= Orm Øverland =

Norwegian literary historian (1935–2021)

Orm Harald Øverland (17 May 1935 – 1 December 2021) was a Norwegian literary historian.

He was born in Oslo and grew up in that city as well as in Bryne, Montreal, and Aukra. He graduated with the cand.philol. degree from the University of Oslo in 1962, and was employed as a research assistant for one year. He then became a research fellow and took his PhD at Yale University in 1969. He was subsequently hired at the University of Bergen as a docent in 1970 and was promoted to professor in 1975, serving until his retirement in 2005. His fields of research were American literature and the Norwegian-Americans.

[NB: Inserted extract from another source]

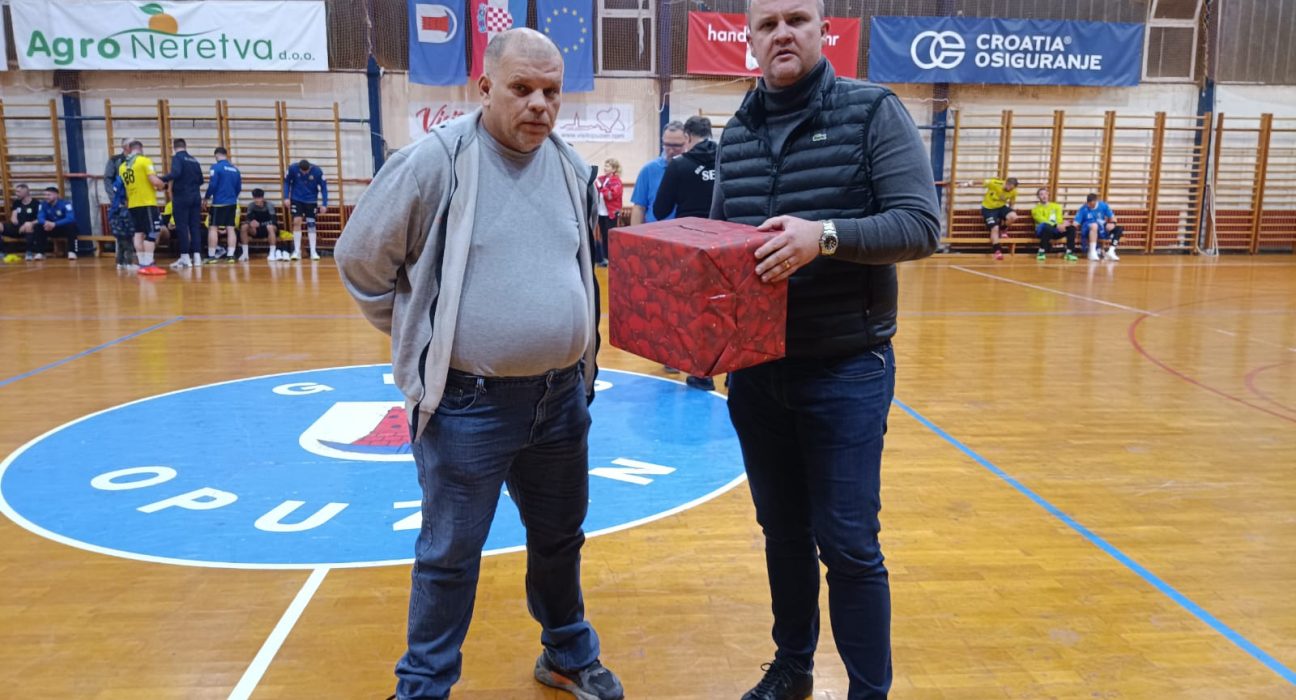 Ploče, Humanitarka obitelj Ostojić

At the University of Bergen, Øverland headed the Institute of English Studies from 1974 to 1975 before serving as dean of the Faculty of Humanities from 1979 to 1982. During his period as dean he also sat on the university board (then called the Academic college), which he did again from 1987 to 1989, before heading the Institute of English Studies again in 1991 and 1993–1995. He was engaged in administering the international exchange of postgraduate students to and from the United States, Canada and Lithuania in particular.

He has been a board member of the Western Norway Emigration Center, the European Association for American Studies, the Coimbra Group, president of the Nordic Association for American Studies and editor of the journal American Studies in Scandinavia. Øverland became a member of the Norwegian Academy of Science and Letters in 1994, received the King's Medal of Merit in gold in 2003 and was given an honorary degree at the Vytautas Magnus University in 2007.

He resided for many years at Nygård, Bergen, but died in December 2021 in Aukra.